Wednesday, February 12, 2014

Wonderous Word Wednesday 2

Wondrous Words Wednesday is a weekly meme hosted by Kathy at the Bermuda Onion where you can share new words that you’ve encountered or spotlight words you love. Feel free to get creative!

Most people already probably know what these words mean, but since I just finished reading Etiquette and Espionage, and they are fun words, I thought I would share a couple of them  ...

noun \prt-ˈman-(ˌ)tō\
1. : a large trunk or suitcase, typically made of stiff leather and opening into two equal parts.
plural port·man·teaus or port·man·teaux

2:  a word or morpheme whose form and meaning are derived from a blending of two or more distinct forms (as smog from smoke and fog

Replicas of 18th century portmanteau
From Pepe's Possibles

mid 16th century: from French portemanteau, from porter 'carry' + manteau 'mantle'.

This word has turned out to be more complicated than I realized.  There appear to be two rather different "traditional" portmanteau styles - one a fully or partially rounded shape with a top that flips up, sort of like a trunk (see the example to the left).

The other style is more what I had in mind when I was picturing a portmanteau ... something like a leather carpetbag.

Ox leather Gladstone bag from Wikipedia

One specific variation is a Gladstone bag which is described on Wikipedia as "a small portmanteau suitcase built over a rigid frame which could separate into two equal sections...They are typically made of stiff leather and often belted with lanyards. The bags are named after William Ewart Gladstone (1809–1898), the four-time Prime Minister of the United Kingdom."

This is a beautiful 18th portmanteau
from River Ridge Leather Co.

So - I am not quite sure what picture to have in mind for the story. This will take more research then I have time for now.

I wanted to share this modern recreation of a portmanteau as well. 

 noun  \ˈstā\
1:  one that serves as a prop :  support
2:  a thin firm strip (as of plastic) used for stiffening a garment or part (as a shirt collar)
3:  a corset stiffened with bones —usually used in plural 

Etiquette and Espionage refers to someone walking around (in their dorm area, so not quite as scandalous as it sounds though still a bit naughty,) in nothing but their petticoats and stays. 

This is a lovely introduction to the terminology

According to this site: "Stays: Another term for "boning". Also the old fashioned name for a corset.
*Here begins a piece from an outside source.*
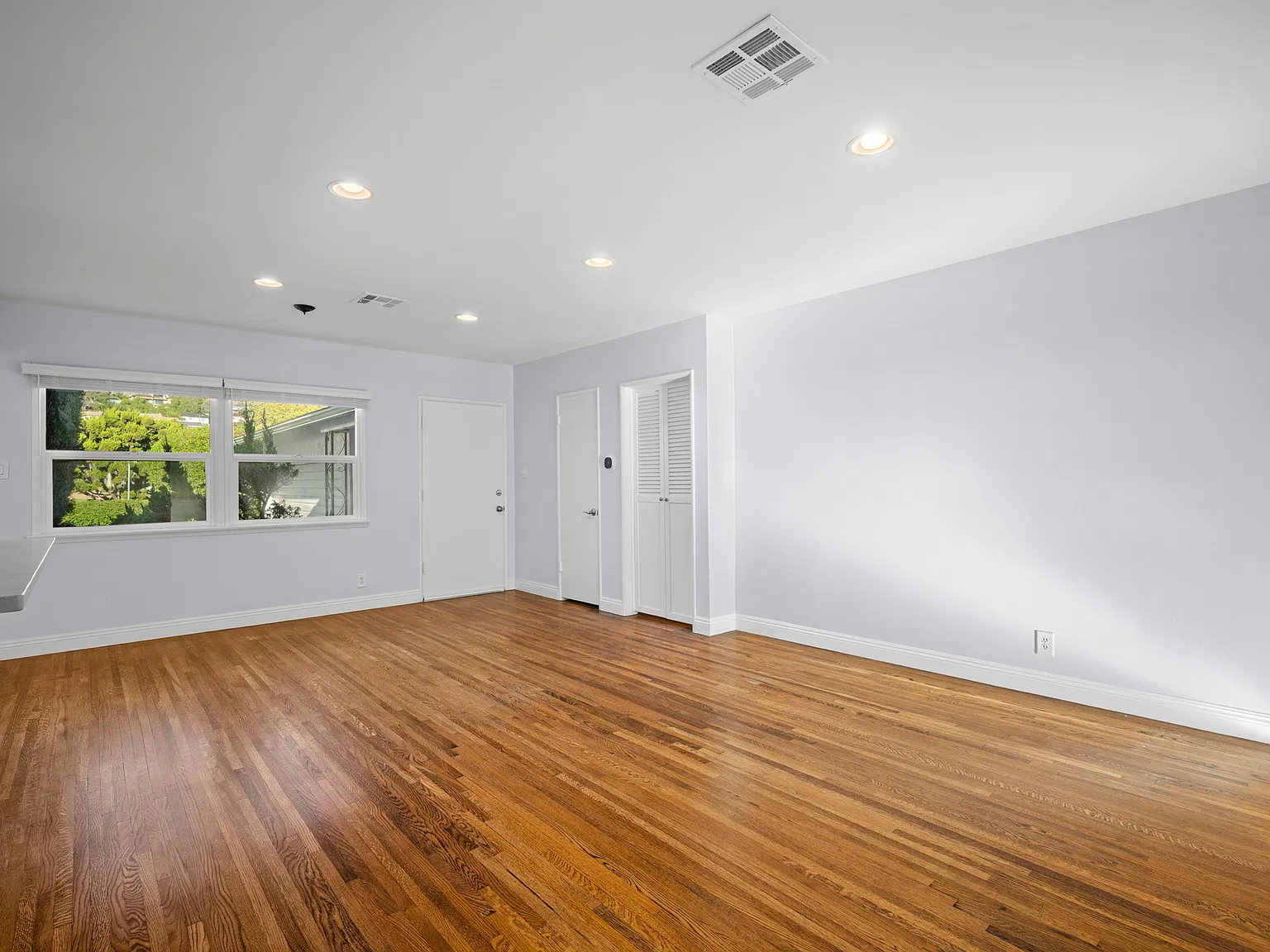3 bed, 1.5 bath, 1394 sqft, $4,850 — Photo 4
Generally, corsets up to the mid 19th century are know as "stays" although the term was and is still used to describe corsets in general. Stays prior to 1800 were conical in shape, extremely stiff and heavily boned. Stays of the first half of the 19th century were soft and high waisted."
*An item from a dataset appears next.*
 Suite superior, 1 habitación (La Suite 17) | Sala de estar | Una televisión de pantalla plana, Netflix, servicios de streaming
Undergarments - first comes the shift (or smock),
then the stays and the petticoats
Source: American Duchess

Once the proper foundation garments are in place, a lady can get dressed! 
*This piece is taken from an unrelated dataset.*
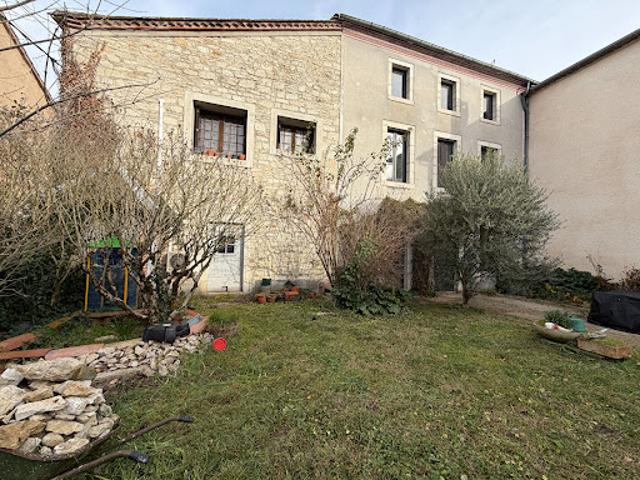 Vente Maison 7 pièces 244 m2 Septfonds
  1. I thought a portmanteau was like a carpetbag as well. Great words today!

  2. I knew stay, but not portmanteau.

  3. I've used portmanteau as a WWW word myself! Great coverage of its origin. And thanks also for the history/ fashion lesson. I'm once again very grateful that I live in the 21st century and do not have to wear stays!

    1. Me too! I wore a Victorian corset when I was in a play and I learned that a) I could not take a deep enough breath to sing (another cast member had to sneak over behind me and loosen some strings - it was the end of the act so I could get away with it) and b) I never would have made it as a Victorian lady - I would have run mad.

  4. Two interesting words and the history behind them.

  5. I knew all of these words, because I'm an obsessive Anglophile and historical fiction reader. "Portmanteau" has long been one of my all-time favorite English words, so I was so happy to see an old friend! In the film version of Harry Potter and the Prisoner of Azkaban, one of Professor Lupin's largest pieces of luggage is technically a portmanteau. And I don't know if your sources mentioned it, but in Britain, the Gladstone Bag was at one time almost universally used by doctors on their housecalls.

    1. Hum - that makes sense. I pretty much always picture Watson with a Gladstone now that you mention it.

  6. Portmanteau is a new word for me, though I do have an old suitcase that belonged to my grandmother that opened into two equal part. We never called it anything except a suitcase. But I am old enough to remember girdles with stays. I have never worn a corset or a bustier, but I am sure I would not like it!. LOL

    1. Definitely no fun. And to think people complain about underwire bras. They have no idea!